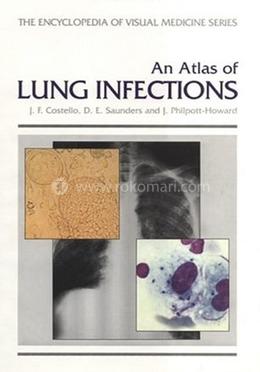 An Atlas of Lung Infections image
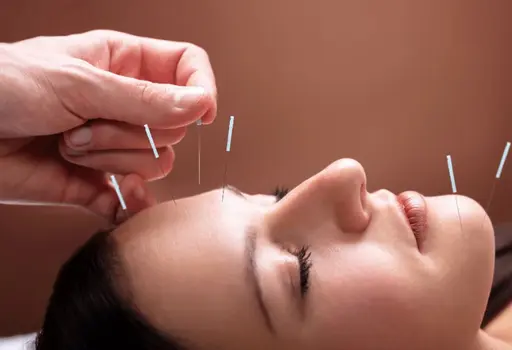 【OPEN記念⭐️口コミ必須】美容鍼45分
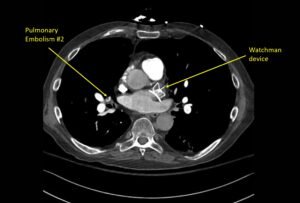 Wolff A et al. Right atrial thrombosis. CT axial PE 2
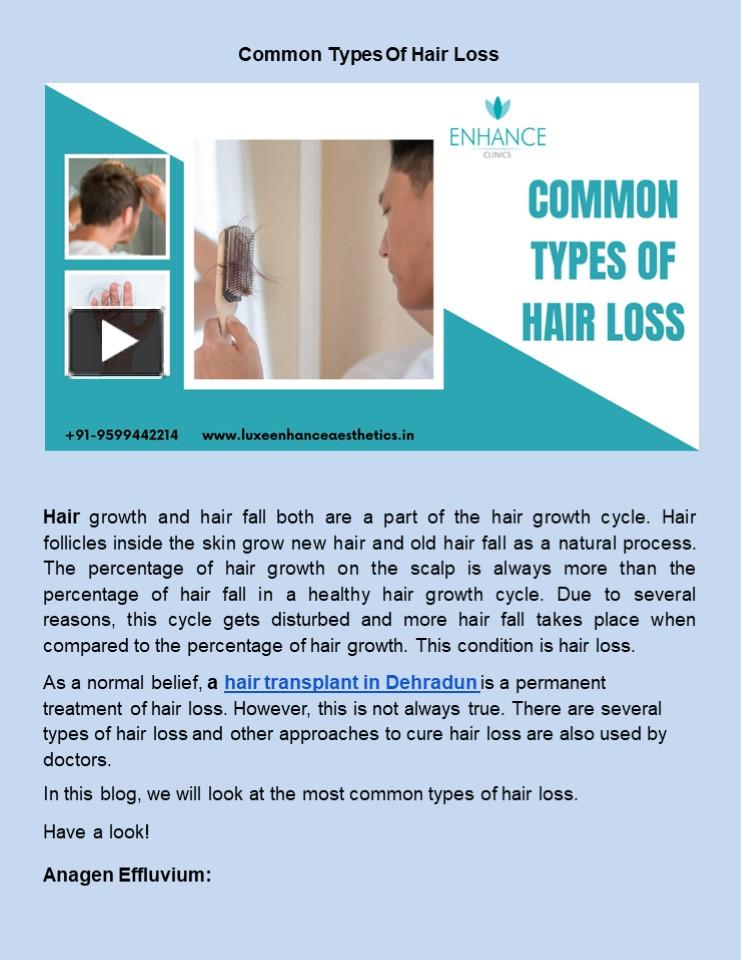 Ppt Common Types Of Hair Loss Powerpoint Presentation Free To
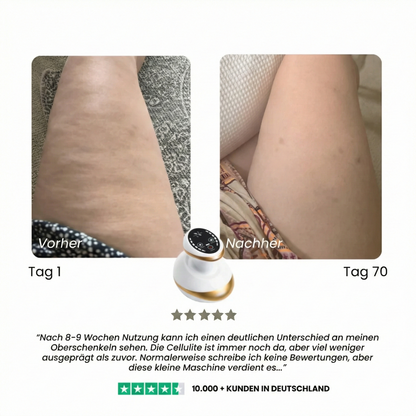 JunaVie Cellulite Behandlung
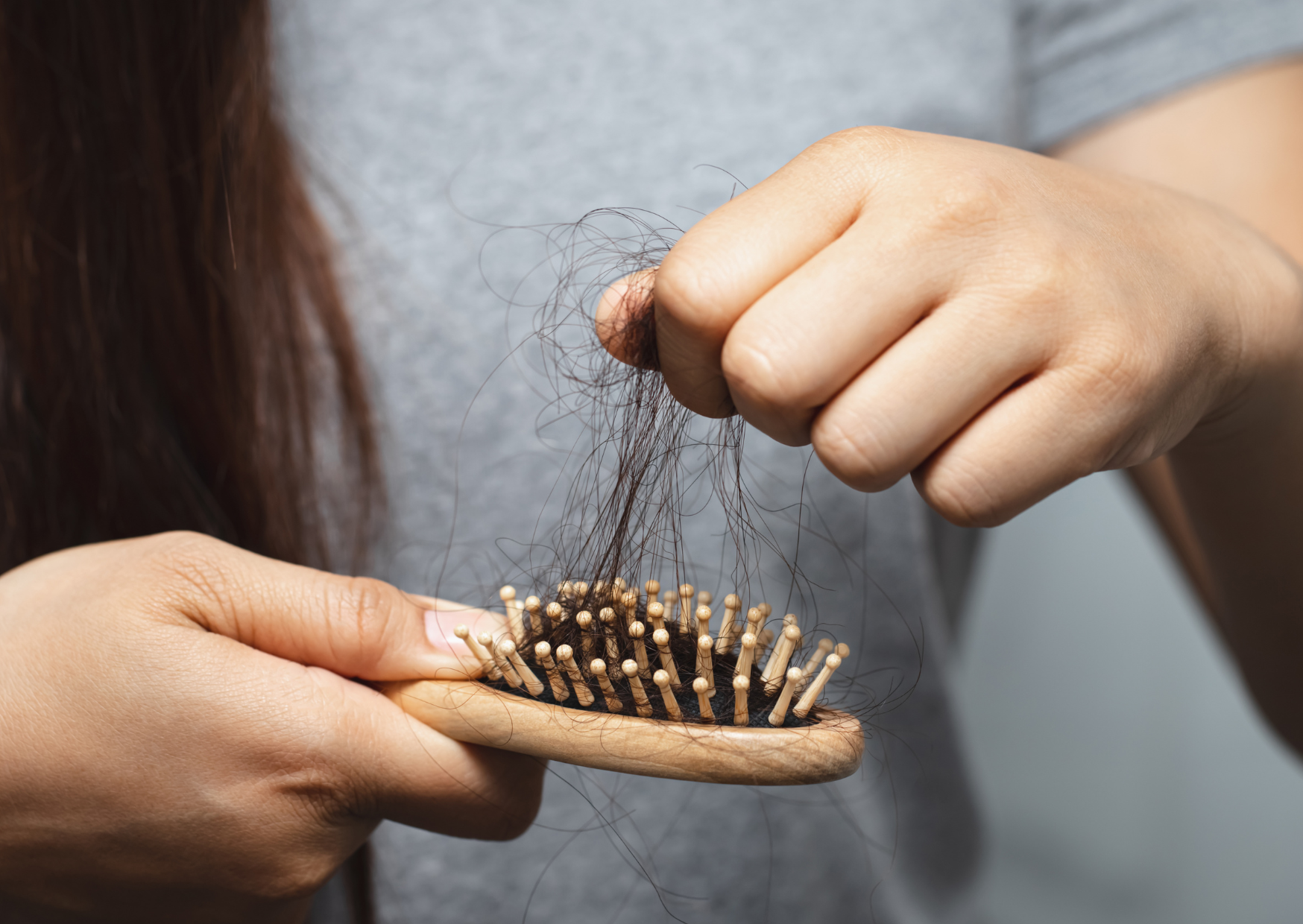 Consejos para prevenir la alopecia a temprana edad y mantener un cabello saludable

▶ **Problem details**
Copy the material above word for word, images excluded.

▶ **Result of this exercise**
 An Atlas of Lung Infections image
 【OPEN記念⭐️口コミ必須】美容鍼45分
 Wolff A et al. Right atrial thrombosis. CT axial PE 2
 Ppt Common Types Of Hair Loss Powerpoint Presentation Free To
 JunaVie Cellulite Behandlung
 Consejos para prevenir la alopecia a temprana edad y mantener un cabello saludable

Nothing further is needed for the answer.